Tolerancia al riesgo. La desgracia del conservadurismo no es volver al pasado. Ni siquiera es apostar por la élite. Su desdicha mayor es no encarar el riesgo del cambio. Si cambiamos, ¡por supuesto que algunas cosas saldrán mal! Pero si no lo hacemos, el mundo igual seguirá moviéndose y nos dejará por la vera. Tomemos al toro por los cuernos, antes que resistir con inútiles patadas lo que de todas maneras vendrá.
Responsabilidad. El desarrollo es difícil y las cosas no salen bien a la primera. Quienes niegan que haya errores en sus ideologías se engañan a sí mismos, más que a los demás. Vienen a la mente algunas organizaciones académicas y algún banco de desarrollo internacional, a quienes nunca les he oído una disculpa por su papel en nuestros fracasos pasados.
Propiedad limitada. Claro que nos gustan nuestras cositas. Así sea un iPhone, una casa, una mina, o un prado verde, una milpa y una cascada de agua clara.
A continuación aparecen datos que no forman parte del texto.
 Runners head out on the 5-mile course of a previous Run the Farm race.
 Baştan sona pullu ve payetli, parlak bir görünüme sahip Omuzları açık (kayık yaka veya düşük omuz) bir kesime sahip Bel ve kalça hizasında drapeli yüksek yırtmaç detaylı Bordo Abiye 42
Pero lo material es notablemente más duradero que nosotros y pronto lo perderemos, aunque sea por morir de viejos. Sin aspavientos: garantizar la propiedad privada ofrece un valioso incentivo, pero sólo una doctrina simplona (o maliciosa) le atribuiría un papel fundante en su filosofía.
Solidaridad. Venimos al mundo solos. Cierto. Y la única razón por la que sobrevivimos es porque otros nos ayudan. Dar a los demás cuando lo necesitan y aceptar apoyo ante los retos, no son señales de debilidad sino de fortaleza. Es más difícil ceder espacio por el bien común, que encerrarnos en el egoísmo. Pregúntele a quien paga puntualmente sus impuestos.
No-violencia. Aquí ya demostraron izquierdas y derechas que aniquilar al contrincante es inviable. Los resultados están en el odio que dejó la guerra, más aún en la degradación que sigue manchando a represores, homicidas y a quienes niegan la violencia del pasado. En vez de un puño duro, recomponer esta sociedad exige líderes que ejerciten la firmeza de quien sabe detener su mano.